What to do =>
Copy out exactly the stretch of the listing below that begins at the line containing "Γυναικείο Σετ Casual" and ends at the line containing "CARBONATO DE MAGNESIO Extra Ligth bolsx10KG", and copy nothing outside it.

Records to use =>
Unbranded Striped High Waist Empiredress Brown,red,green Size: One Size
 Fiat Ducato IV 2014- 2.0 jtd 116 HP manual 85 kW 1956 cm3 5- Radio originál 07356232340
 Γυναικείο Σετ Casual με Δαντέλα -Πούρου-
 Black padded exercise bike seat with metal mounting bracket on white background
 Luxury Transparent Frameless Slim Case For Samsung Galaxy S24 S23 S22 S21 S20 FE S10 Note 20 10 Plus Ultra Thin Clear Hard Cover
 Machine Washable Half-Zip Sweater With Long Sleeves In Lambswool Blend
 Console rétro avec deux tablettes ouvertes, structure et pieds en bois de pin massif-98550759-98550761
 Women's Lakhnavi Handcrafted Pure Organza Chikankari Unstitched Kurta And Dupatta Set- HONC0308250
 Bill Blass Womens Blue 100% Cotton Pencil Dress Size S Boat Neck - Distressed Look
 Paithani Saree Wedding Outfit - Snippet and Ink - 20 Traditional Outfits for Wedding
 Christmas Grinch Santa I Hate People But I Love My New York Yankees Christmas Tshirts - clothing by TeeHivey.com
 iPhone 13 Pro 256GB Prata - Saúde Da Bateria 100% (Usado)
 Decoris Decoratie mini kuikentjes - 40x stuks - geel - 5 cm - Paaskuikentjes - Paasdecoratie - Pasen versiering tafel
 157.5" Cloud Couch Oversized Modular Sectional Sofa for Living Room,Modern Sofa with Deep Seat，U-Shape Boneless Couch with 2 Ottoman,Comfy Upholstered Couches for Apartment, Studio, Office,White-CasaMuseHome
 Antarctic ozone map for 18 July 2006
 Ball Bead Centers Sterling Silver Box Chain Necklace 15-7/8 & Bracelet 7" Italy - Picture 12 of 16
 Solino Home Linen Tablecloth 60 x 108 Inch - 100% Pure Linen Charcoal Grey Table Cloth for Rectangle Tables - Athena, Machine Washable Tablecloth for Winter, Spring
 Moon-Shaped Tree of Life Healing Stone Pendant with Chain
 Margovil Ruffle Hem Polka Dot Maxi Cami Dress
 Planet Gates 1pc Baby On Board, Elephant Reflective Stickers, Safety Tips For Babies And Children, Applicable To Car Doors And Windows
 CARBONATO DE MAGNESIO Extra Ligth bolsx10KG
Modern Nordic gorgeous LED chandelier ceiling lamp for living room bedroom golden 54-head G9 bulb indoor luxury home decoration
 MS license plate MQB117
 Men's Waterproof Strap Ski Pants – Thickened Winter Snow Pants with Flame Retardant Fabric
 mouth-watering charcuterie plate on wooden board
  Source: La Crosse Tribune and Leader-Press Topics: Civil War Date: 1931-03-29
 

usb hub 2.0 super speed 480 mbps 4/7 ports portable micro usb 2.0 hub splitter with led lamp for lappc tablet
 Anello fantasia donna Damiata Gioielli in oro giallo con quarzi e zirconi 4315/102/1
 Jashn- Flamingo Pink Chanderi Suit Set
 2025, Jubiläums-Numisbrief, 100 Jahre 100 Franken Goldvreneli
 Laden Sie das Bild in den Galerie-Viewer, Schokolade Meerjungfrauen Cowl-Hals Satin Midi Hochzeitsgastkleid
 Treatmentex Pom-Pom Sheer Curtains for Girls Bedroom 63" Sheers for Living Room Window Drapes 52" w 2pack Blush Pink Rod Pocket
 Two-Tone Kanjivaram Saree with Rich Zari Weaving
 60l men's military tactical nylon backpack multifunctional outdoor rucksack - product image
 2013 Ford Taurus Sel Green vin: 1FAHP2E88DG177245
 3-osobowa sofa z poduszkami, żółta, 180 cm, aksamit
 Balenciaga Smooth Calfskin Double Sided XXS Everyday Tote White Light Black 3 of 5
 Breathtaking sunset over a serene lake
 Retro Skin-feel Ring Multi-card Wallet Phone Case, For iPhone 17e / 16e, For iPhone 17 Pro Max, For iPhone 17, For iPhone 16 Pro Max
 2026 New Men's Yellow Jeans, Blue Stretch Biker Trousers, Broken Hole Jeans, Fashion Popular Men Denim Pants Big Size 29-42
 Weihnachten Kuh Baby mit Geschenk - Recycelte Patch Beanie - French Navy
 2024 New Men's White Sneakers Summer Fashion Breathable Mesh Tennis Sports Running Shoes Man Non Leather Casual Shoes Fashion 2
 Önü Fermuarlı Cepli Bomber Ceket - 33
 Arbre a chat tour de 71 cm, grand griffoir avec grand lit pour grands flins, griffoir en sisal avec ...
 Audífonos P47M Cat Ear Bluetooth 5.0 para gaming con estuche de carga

Exercise response =>
 Γυναικείο Σετ Casual με Δαντέλα -Πούρου-
 Black padded exercise bike seat with metal mounting bracket on white background
 Luxury Transparent Frameless Slim Case For Samsung Galaxy S24 S23 S22 S21 S20 FE S10 Note 20 10 Plus Ultra Thin Clear Hard Cover
 Machine Washable Half-Zip Sweater With Long Sleeves In Lambswool Blend
 Console rétro avec deux tablettes ouvertes, structure et pieds en bois de pin massif-98550759-98550761
 Women's Lakhnavi Handcrafted Pure Organza Chikankari Unstitched Kurta And Dupatta Set- HONC0308250
 Bill Blass Womens Blue 100% Cotton Pencil Dress Size S Boat Neck - Distressed Look
 Paithani Saree Wedding Outfit - Snippet and Ink - 20 Traditional Outfits for Wedding
 Christmas Grinch Santa I Hate People But I Love My New York Yankees Christmas Tshirts - clothing by TeeHivey.com
 iPhone 13 Pro 256GB Prata - Saúde Da Bateria 100% (Usado)
 Decoris Decoratie mini kuikentjes - 40x stuks - geel - 5 cm - Paaskuikentjes - Paasdecoratie - Pasen versiering tafel
 157.5" Cloud Couch Oversized Modular Sectional Sofa for Living Room,Modern Sofa with Deep Seat，U-Shape Boneless Couch with 2 Ottoman,Comfy Upholstered Couches for Apartment, Studio, Office,White-CasaMuseHome
 Antarctic ozone map for 18 July 2006
 Ball Bead Centers Sterling Silver Box Chain Necklace 15-7/8 & Bracelet 7" Italy - Picture 12 of 16
 Solino Home Linen Tablecloth 60 x 108 Inch - 100% Pure Linen Charcoal Grey Table Cloth for Rectangle Tables - Athena, Machine Washable Tablecloth for Winter, Spring
 Moon-Shaped Tree of Life Healing Stone Pendant with Chain
 Margovil Ruffle Hem Polka Dot Maxi Cami Dress
 Planet Gates 1pc Baby On Board, Elephant Reflective Stickers, Safety Tips For Babies And Children, Applicable To Car Doors And Windows
 CARBONATO DE MAGNESIO Extra Ligth bolsx10KG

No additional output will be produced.